DATA SHOWN —
+ + + +
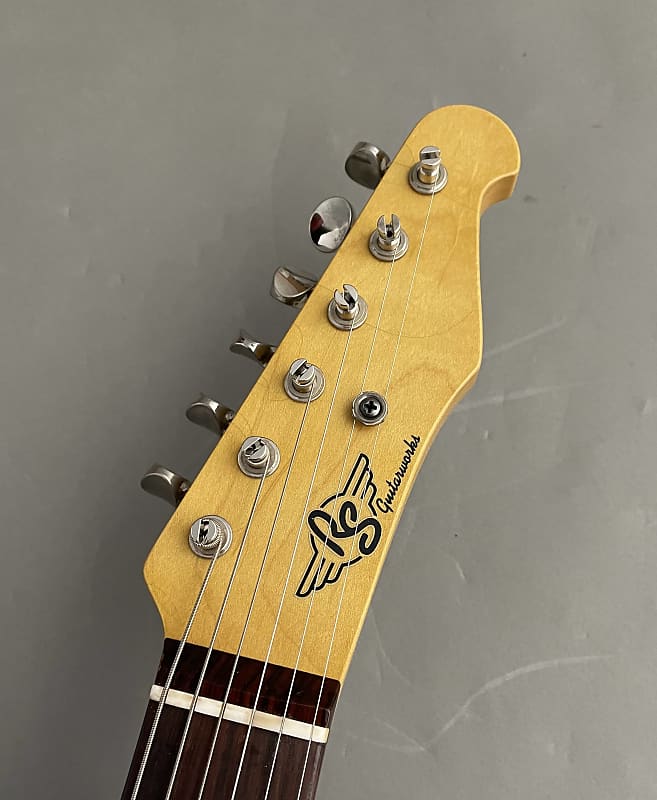 RS Guitarworks Out Burst Standard Between Medium and Heavy
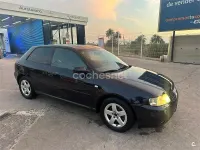 Usado Audi A3 Ambition 110 CV (80 kW) 2001 Azul Utilitario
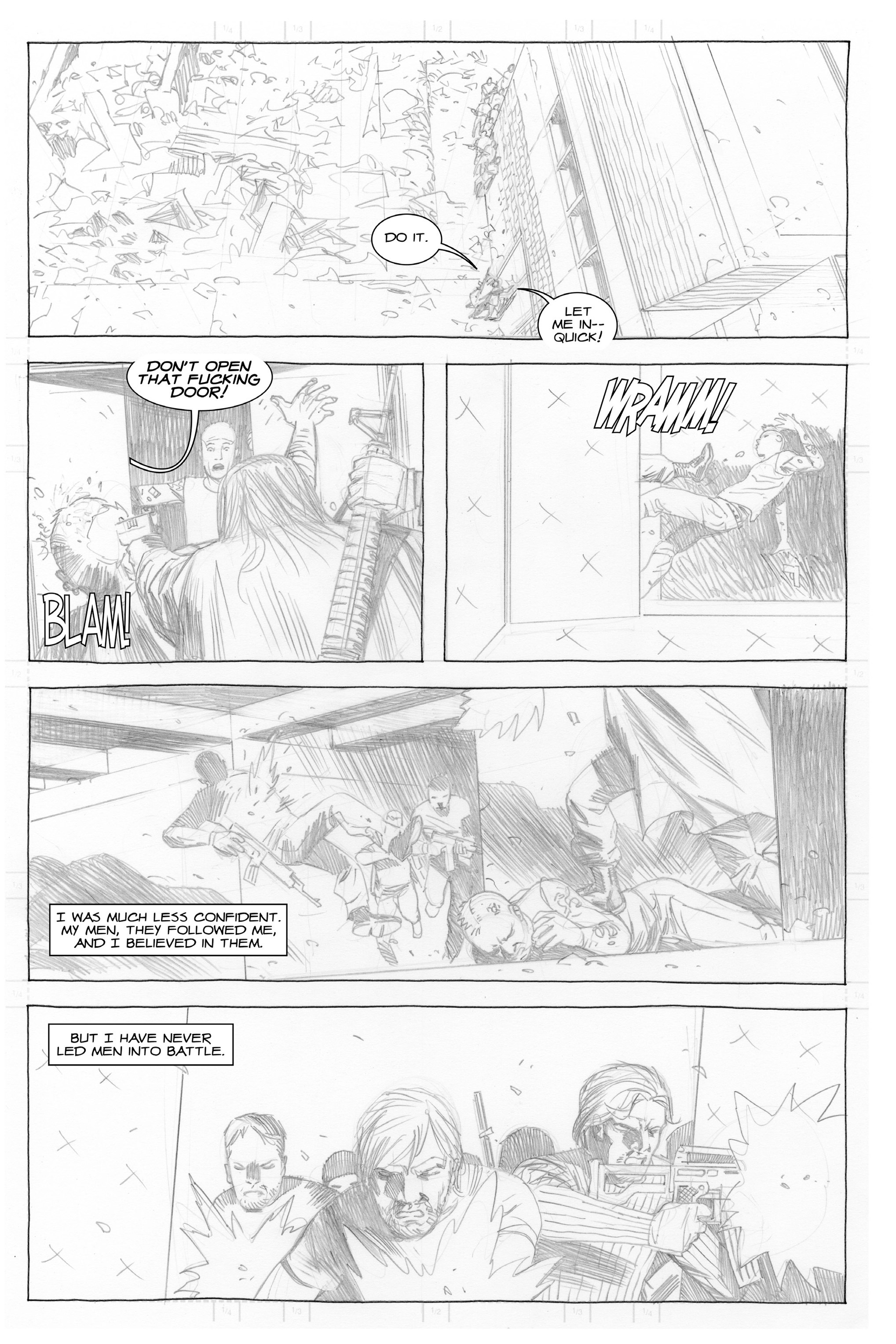 The Walking Dead issue All Out War Artist Proof Edition - Page 78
+ + + +
Repeat the full listing above exactly, with no pictures in the copy.

ANSWER —
 RS Guitarworks Out Burst Standard Between Medium and Heavy
 Usado Audi A3 Ambition 110 CV (80 kW) 2001 Azul Utilitario
 The Walking Dead issue All Out War Artist Proof Edition - Page 78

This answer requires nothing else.